# EXERCISE OBJECTIVE
Reproduce precisely the lines between the start of the data below and the line with "Ak Flambro Flamborough", both included.

Stored items
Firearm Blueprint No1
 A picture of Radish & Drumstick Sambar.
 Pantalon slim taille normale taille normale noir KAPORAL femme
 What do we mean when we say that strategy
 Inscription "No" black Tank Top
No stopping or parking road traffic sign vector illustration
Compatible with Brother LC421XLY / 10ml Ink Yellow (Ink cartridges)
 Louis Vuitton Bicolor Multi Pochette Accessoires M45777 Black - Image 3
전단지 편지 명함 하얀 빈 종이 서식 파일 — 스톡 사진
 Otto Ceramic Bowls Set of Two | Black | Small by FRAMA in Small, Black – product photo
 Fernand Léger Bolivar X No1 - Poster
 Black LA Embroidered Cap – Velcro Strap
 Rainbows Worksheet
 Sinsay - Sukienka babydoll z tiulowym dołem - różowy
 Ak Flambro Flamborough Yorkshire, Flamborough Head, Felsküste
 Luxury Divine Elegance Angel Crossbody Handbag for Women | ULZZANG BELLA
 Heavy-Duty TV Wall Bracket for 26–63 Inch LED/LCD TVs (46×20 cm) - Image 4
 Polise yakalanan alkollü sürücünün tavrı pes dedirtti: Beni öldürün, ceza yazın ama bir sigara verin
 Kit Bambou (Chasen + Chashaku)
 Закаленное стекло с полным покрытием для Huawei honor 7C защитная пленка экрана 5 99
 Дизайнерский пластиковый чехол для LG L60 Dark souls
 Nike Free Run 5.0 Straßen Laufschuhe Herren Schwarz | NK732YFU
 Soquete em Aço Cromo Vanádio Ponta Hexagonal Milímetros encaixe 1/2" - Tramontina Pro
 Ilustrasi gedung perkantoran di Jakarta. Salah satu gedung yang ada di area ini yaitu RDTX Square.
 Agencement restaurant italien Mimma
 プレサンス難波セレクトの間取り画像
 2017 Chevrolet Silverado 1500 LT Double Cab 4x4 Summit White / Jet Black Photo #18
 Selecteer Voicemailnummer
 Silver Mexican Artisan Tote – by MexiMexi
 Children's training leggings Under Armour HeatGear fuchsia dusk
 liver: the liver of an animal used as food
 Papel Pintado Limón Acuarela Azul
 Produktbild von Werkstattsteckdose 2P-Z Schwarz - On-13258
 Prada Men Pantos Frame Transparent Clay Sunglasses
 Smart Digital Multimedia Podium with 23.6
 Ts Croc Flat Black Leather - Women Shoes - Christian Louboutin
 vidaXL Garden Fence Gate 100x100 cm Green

# SOLUTION FOR THIS PROBLEM
Firearm Blueprint No1
 A picture of Radish & Drumstick Sambar.
 Pantalon slim taille normale taille normale noir KAPORAL femme
 What do we mean when we say that strategy
 Inscription "No" black Tank Top
No stopping or parking road traffic sign vector illustration
Compatible with Brother LC421XLY / 10ml Ink Yellow (Ink cartridges)
 Louis Vuitton Bicolor Multi Pochette Accessoires M45777 Black - Image 3
전단지 편지 명함 하얀 빈 종이 서식 파일 — 스톡 사진
 Otto Ceramic Bowls Set of Two | Black | Small by FRAMA in Small, Black – product photo
 Fernand Léger Bolivar X No1 - Poster
 Black LA Embroidered Cap – Velcro Strap
 Rainbows Worksheet
 Sinsay - Sukienka babydoll z tiulowym dołem - różowy
 Ak Flambro Flamborough Yorkshire, Flamborough Head, Felsküste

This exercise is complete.